Disamping itu, beberapa kalangan juga memprediksi bahwa sejujurnya
HAMKA tak menyesalkan sikap Soekarno. Karena berkat ia dipenjara, ia berhasil
merampungkan Tafsir Al-Azhar. Mengingat kesibukannya yang padat dan statusnya
sebagai aktivis politik, sehingga diperkirakan beliau tidak akan mampu
menyelesaikan Tafsir Al-Azhar itu jika berada di alam bebas -dengan jadwal
kegiatan yang menumpuk dan harus dikerjakannya setiap harinya.
Maka dari kacamata itulah HAMKA melihat sebuah hikmah, benar kata
Allah bahwa “Tidak selamanya yang kita benci itu buruk” karena HAMKA telah mempelajari
sisi positif dari keadaan yang sepintas terlihat buruk ini. Sehingga ia menjadi
sosok Ulama yang selalu dikenang oleh mastarakat hingga decade sekarang ini.
Demikianlah poin ketiga. Bagaimana kita tidak memendam dendam pada
siapa saja yang telah melukai perasaan kita. karena memaafkan kesalaan orang
lain tetaplah menjadi sandaran seorang muslim dalam menjalankan roda kehidupan.
Apalagi kita bersedia mengucapkan terimakasih pada sosok yang telah membuat
kita sedih. Karena bukankah sebenarnya orang yang menyakiti hati kita telah
membuat kita sedikit-banyak belajar arti kesabaran?.

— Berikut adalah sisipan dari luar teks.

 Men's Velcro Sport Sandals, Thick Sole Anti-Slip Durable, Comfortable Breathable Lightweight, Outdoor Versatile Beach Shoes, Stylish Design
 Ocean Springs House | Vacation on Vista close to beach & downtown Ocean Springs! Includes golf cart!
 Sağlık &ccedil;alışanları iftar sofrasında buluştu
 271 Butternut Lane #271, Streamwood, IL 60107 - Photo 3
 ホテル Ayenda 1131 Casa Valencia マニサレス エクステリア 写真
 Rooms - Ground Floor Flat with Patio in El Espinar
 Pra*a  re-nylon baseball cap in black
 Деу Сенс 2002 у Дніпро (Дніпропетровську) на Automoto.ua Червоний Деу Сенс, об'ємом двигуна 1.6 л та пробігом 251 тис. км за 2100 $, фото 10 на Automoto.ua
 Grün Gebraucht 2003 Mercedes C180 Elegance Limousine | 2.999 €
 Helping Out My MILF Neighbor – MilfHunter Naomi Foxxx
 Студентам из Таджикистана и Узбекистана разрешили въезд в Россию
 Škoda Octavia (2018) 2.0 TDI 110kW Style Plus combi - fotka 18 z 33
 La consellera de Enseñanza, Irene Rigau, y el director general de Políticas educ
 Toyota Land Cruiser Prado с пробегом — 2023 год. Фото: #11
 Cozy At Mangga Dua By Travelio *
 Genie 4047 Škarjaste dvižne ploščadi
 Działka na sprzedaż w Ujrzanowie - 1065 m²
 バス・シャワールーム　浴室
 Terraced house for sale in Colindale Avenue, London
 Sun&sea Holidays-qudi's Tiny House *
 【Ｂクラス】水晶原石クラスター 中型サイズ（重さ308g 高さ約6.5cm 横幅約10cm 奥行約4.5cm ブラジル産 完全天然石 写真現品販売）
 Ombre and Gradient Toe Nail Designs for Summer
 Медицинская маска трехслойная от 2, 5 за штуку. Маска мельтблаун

Dan HAMKA telah lahir dari keterasingan, Muhammad SAW juga dulu
pernah diasingkan, Ayatullah Khomeini pemimpin Iran itu juga sempat diasingkan
pada masa rezim Reza Pahlevi. Abu Dzar Al-Ghiffari juga diasingkan di gurun
tandus. Mereka adalah tokoh-tokoh yang diabadikan oleh sejarah dan telah
melewati masa sulit dalam keterasingan mereka. Maka sungguh bahagia orang-orang
yang diasingkan, karena ia telah melalui sebuah masa yang dulu juga pernah
dilalui oleh Tokoh-tokoh besar dunia.